Query Optimization in Multi-Cluster Architecture
Teradata’s query optimizer designs efficient query plans while maintaining techniques gained in the enterprise world.
The Teradata query optimizer has had a rough upbringing: Through decades of balancing ever-growing demands, adjusting to the needs of new database features, stretching to support innovative performance techniques, and reaching out to new data sources, the optimizer has met challenge after challenge—and come out stronger.
When VantageCloud Lake joined the Teradata family, the optimizer confronted yet another intriguing challenge: How to design efficient query plans that span more than one cluster while maintaining accumulated techniques gained from coming of age in the enterprise world.
Query optimizer: Deep dive into multiple-cluster architecture
Before a query begins to execute on any Teradata system, the optimizer formulates a plan. It examines many different approaches for executing the query and picks the plan that is likely to require the fewest resources. To reach that goal, the optimizer distills the request into chunks of work called “query steps,” then details and sequences those steps in an optimal way.
Each step is sent to the parallel units of the current cluster (called AMPs) independently, with each AMP working on its share of the query step in parallel with other AMPs. When each step is complete, the next step is sent to the AMPs.

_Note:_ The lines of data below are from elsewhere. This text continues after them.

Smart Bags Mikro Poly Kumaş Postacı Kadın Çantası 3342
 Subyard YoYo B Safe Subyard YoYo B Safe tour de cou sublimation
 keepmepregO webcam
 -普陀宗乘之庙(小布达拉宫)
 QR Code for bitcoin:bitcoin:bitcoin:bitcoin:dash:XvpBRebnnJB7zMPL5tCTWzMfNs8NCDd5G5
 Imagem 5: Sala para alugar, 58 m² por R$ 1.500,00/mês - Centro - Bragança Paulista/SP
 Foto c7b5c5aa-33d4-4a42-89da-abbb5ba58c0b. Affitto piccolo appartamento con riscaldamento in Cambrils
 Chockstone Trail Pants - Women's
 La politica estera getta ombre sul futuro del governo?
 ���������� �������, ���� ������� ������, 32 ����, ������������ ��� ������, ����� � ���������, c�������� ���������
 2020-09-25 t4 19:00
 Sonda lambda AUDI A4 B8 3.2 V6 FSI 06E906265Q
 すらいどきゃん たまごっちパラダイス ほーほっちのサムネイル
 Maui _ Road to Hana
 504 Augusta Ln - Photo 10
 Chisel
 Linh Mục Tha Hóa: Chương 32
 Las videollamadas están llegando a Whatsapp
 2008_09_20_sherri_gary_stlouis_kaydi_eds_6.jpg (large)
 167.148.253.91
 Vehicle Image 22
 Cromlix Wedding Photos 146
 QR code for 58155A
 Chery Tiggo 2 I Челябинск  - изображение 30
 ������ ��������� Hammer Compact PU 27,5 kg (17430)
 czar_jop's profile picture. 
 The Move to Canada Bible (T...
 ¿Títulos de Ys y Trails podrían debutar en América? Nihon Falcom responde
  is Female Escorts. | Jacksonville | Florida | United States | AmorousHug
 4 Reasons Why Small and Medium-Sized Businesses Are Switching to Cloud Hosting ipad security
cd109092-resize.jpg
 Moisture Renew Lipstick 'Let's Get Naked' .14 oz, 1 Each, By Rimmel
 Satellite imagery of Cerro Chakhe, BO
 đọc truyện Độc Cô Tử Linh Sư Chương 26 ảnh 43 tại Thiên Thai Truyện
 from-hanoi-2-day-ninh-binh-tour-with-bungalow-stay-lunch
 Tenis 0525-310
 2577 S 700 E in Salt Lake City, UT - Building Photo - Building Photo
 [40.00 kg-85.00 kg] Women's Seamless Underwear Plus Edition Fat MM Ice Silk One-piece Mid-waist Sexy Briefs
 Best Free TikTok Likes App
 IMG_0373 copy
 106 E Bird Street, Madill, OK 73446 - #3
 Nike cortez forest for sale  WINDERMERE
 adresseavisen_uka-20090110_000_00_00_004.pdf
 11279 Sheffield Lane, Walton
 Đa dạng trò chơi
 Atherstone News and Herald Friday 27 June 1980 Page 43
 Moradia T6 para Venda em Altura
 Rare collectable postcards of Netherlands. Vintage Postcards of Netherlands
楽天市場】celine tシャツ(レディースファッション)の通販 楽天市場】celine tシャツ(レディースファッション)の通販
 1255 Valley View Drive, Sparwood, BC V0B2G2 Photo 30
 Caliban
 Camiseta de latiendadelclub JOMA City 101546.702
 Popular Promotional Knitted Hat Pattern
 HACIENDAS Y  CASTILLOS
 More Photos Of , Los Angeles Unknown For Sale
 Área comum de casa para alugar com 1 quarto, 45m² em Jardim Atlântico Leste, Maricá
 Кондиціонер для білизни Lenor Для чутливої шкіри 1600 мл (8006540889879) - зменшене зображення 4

Data needed by the query may be in different files or tables, so a query of even moderate complexity may involve thousands of tough choices. The optimizer faces a dizzying number of join sequences, join types, and join geographies as the number of tables in the query grows.
# of Tables |
Possible Join Orders |
Grains of Sand |
3 |
12 |
. . . . . . . . . . . . |
4 |
120 |
.................................................. |
10 |
1.8 * 1010 |
6 sandboxes |
16 |
2 * 1020 |
Sand in all the beaches and |
Multi-cluster architecture in VantageCloud Lake
Teradata Vantage™ started life building query plans for fixed-size, massively parallel enterprise systems, designed to run on a single cluster. On this enterprise platform, only the AMPs within that single cluster receive query steps and execute them. When planning on an enterprise platform, the optimizer always knows where the query steps are going to run.
But VantageCloud Lake has a different architecture. It incorporates enterprise and compute clusters. A single query can be executed completely on an enterprise cluster, or it can start its execution on an enterprise cluster, then execute some or most of the remaining query steps on a compute cluster.
With more than one type of cluster available with VantageCloud Lake, what determines which steps run on which cluster?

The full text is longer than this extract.